**Pictures with short captions:**
━━━━━━━━━━━━━━━━━━━━
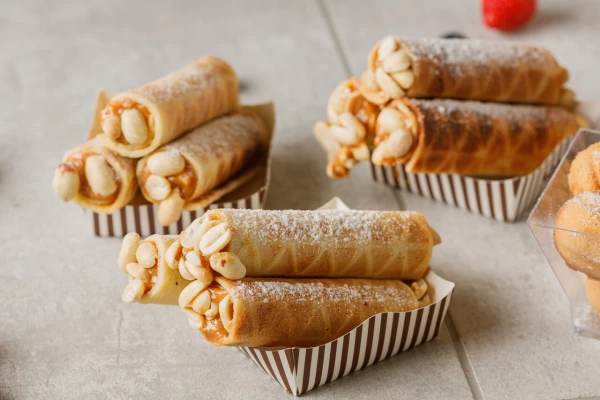 Набор из 5 трубочек со сгущенкой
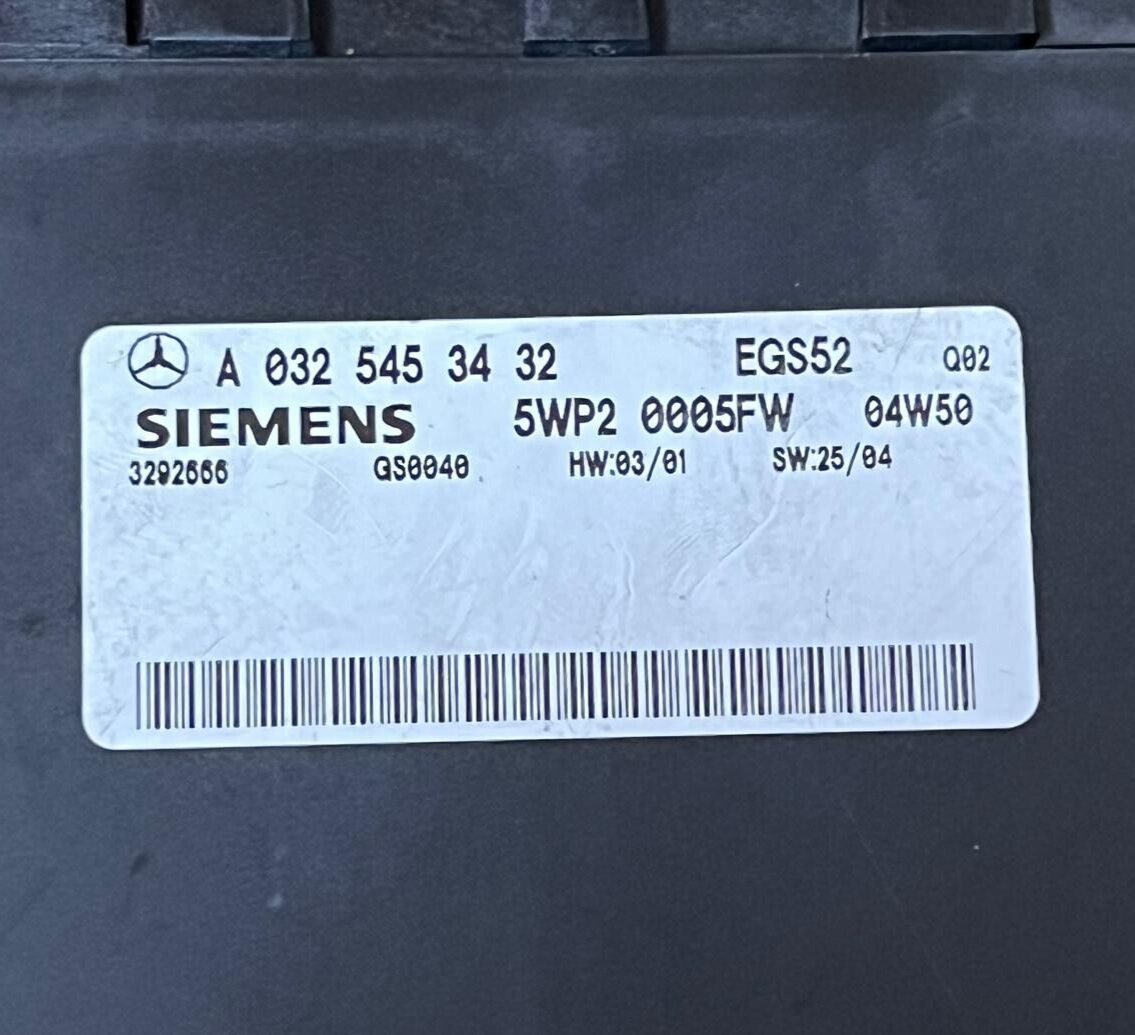 Mercedes-Benz E W211 Transmission Control Unit A0325453432 5PW20005FW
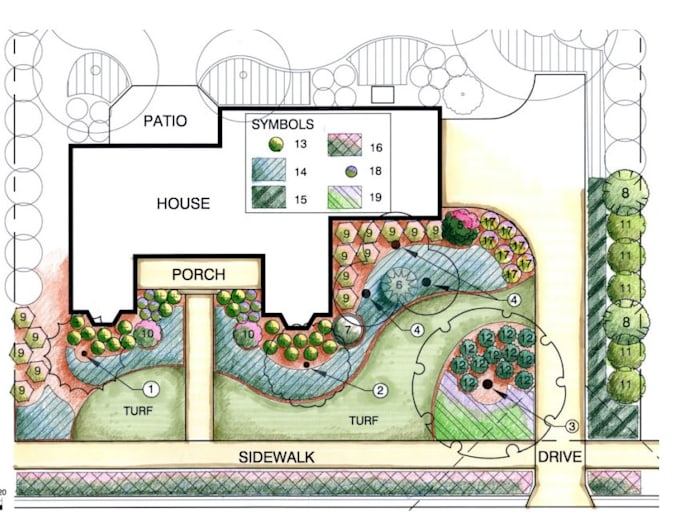 Gig Preview - Create  2d, 3d landscape design drawings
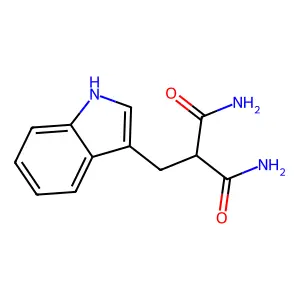 2-(1H-indol-3-ylmethyl)propanediamide structure
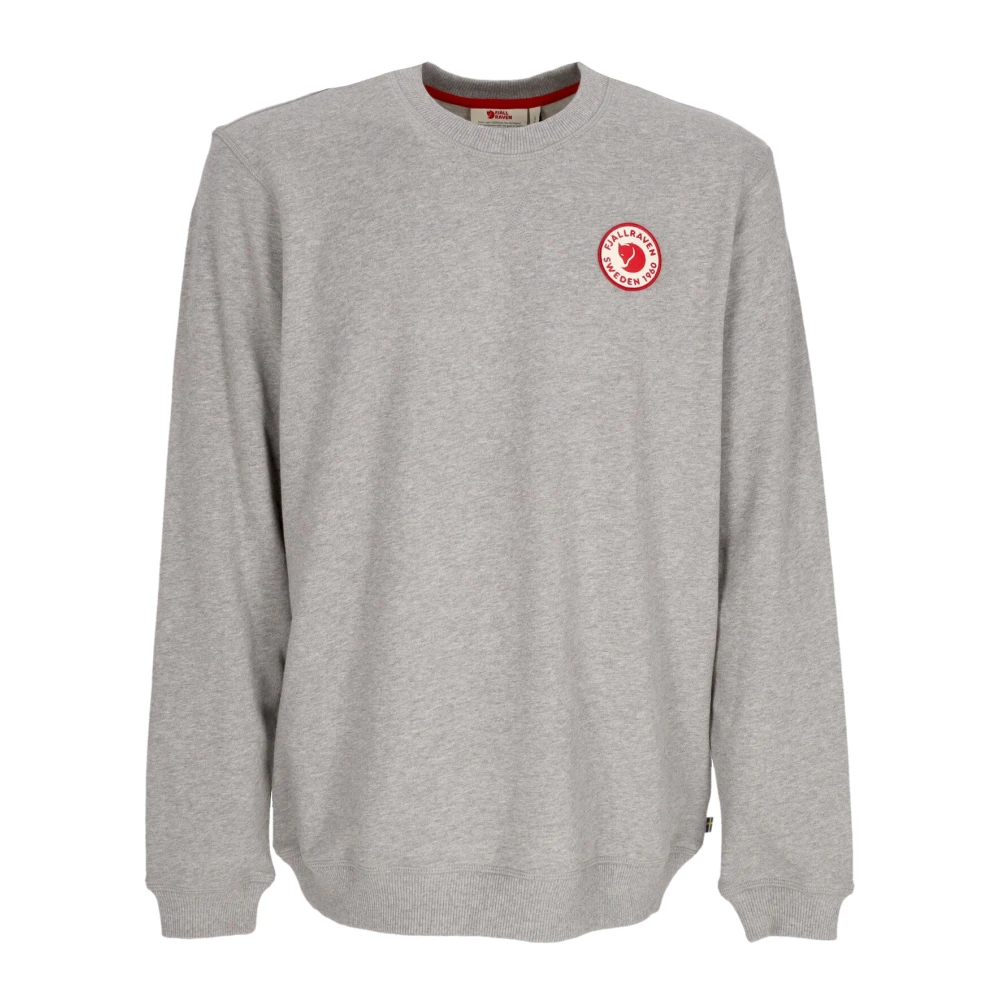Fjällräven - 1960 Logo Crewneck Sweatshirt Grau - Sweatshirts & Hoodies - Herren - Grau - M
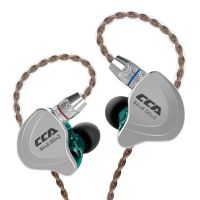 CCA C10 4BA+1DD Hybrid In Ear Earphone HIFI DJ Monito Running Sports Earphone 5 Drive Unit Headset Detachable Detach 2PIN Cable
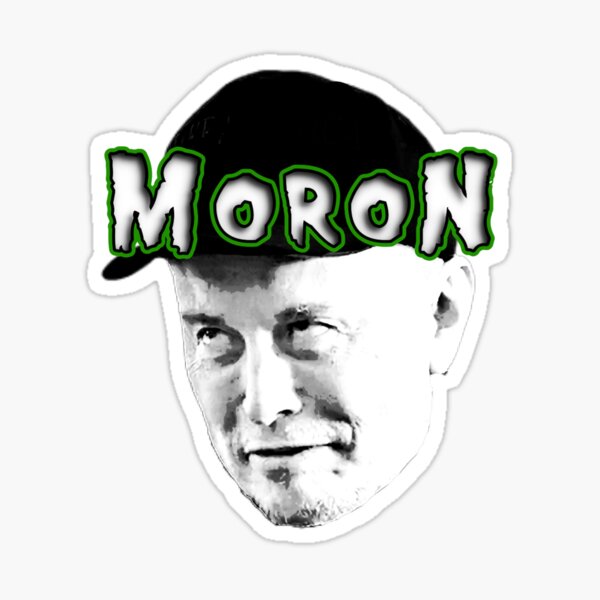 Vista previa del artículo con la obra «Elon es un idiota», diseñado y vendido por AintJames.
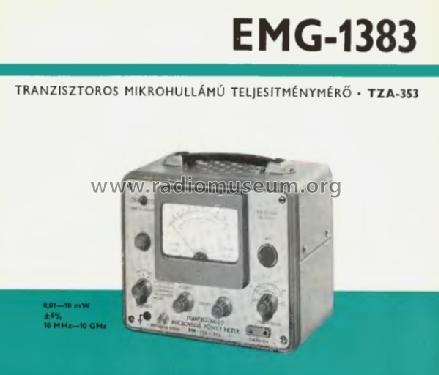 Microwave Power Meter 1383 / TZA-353; EMG, Orion-EMG, (ID = 906781) Equipment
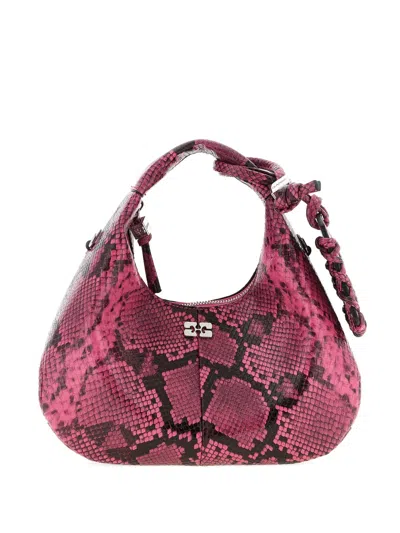 Ganni Mini Eco-friendly Crossbody Bag In Pink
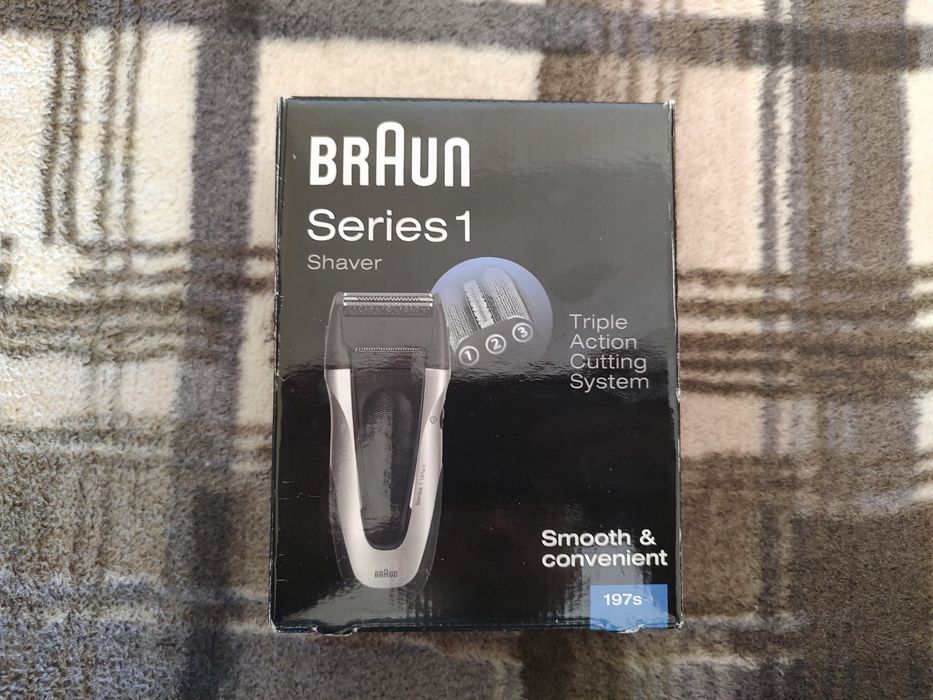 Бритва аккумуляторная Braun Series 1 197s, зарядка для бритвы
━━━━━━━━━━━━━━━━━━━━
**Exercise requirements:**
Retype exactly, please, the span from the line holding "CCA C10 4BA+1DD" through the closing line of the data, both ends included, without the pictures.

**Exercise result:**
 CCA C10 4BA+1DD Hybrid In Ear Earphone HIFI DJ Monito Running Sports Earphone 5 Drive Unit Headset Detachable Detach 2PIN Cable
 Vista previa del artículo con la obra «Elon es un idiota», diseñado y vendido por AintJames.
 Microwave Power Meter 1383 / TZA-353; EMG, Orion-EMG, (ID = 906781) Equipment
 Ganni Mini Eco-friendly Crossbody Bag In Pink
 Бритва аккумуляторная Braun Series 1 197s, зарядка для бритвы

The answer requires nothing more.